● TASK TO COMPLETE
Your response should contain only the lines running from the top of the data below through the line with "Black and decker", both included. Pictures must be omitted.

● PROVIDED MATERIAL
::::

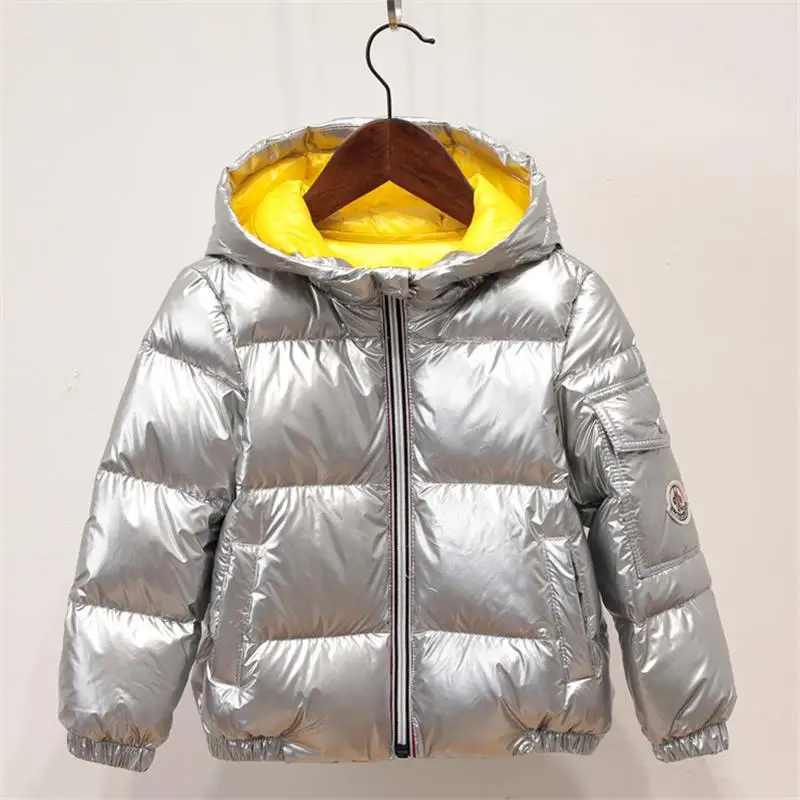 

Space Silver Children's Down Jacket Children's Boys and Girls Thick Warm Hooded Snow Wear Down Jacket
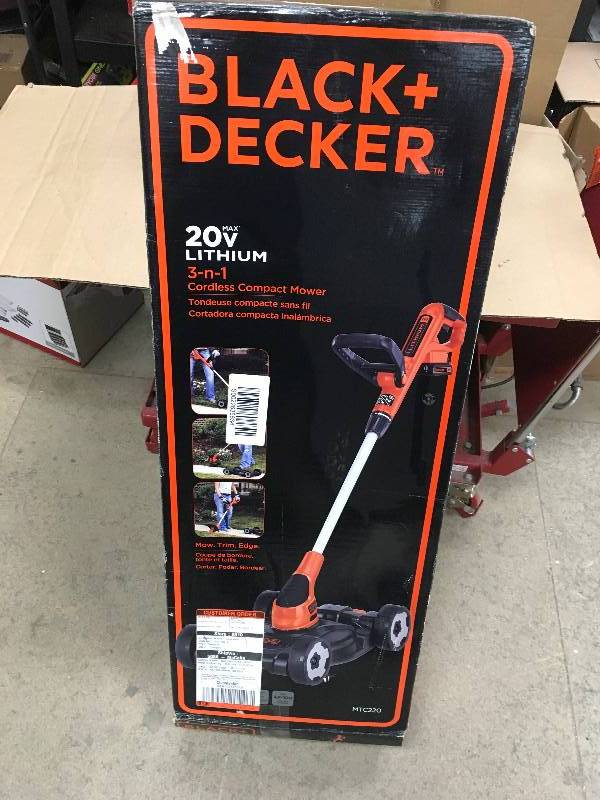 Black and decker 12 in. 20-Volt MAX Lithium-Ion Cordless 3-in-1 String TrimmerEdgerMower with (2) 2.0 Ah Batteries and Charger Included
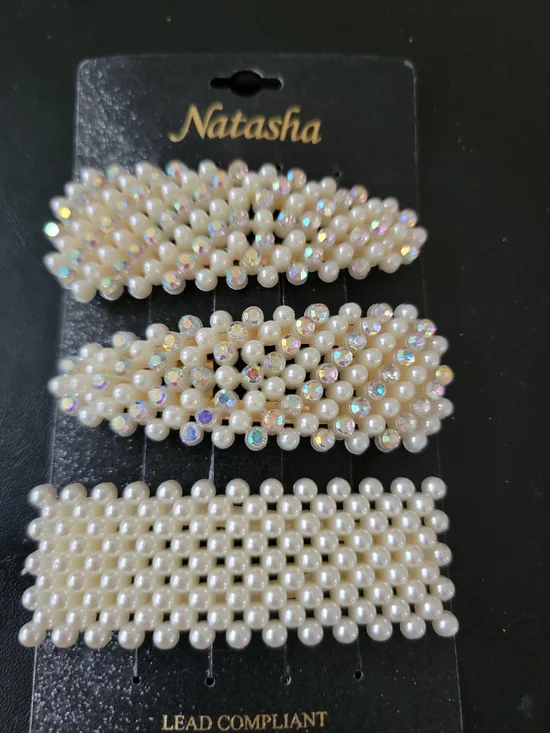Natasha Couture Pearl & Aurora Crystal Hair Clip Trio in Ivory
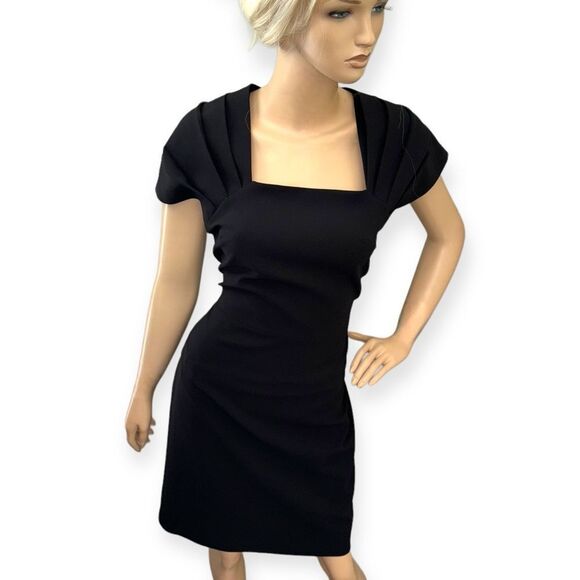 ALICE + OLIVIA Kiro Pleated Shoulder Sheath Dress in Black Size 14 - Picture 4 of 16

::::

● SOLUTION
Space Silver Children's Down Jacket Children's Boys and Girls Thick Warm Hooded Snow Wear Down Jacket
 Black and decker 12 in. 20-Volt MAX Lithium-Ion Cordless 3-in-1 String TrimmerEdgerMower with (2) 2.0 Ah Batteries and Charger Included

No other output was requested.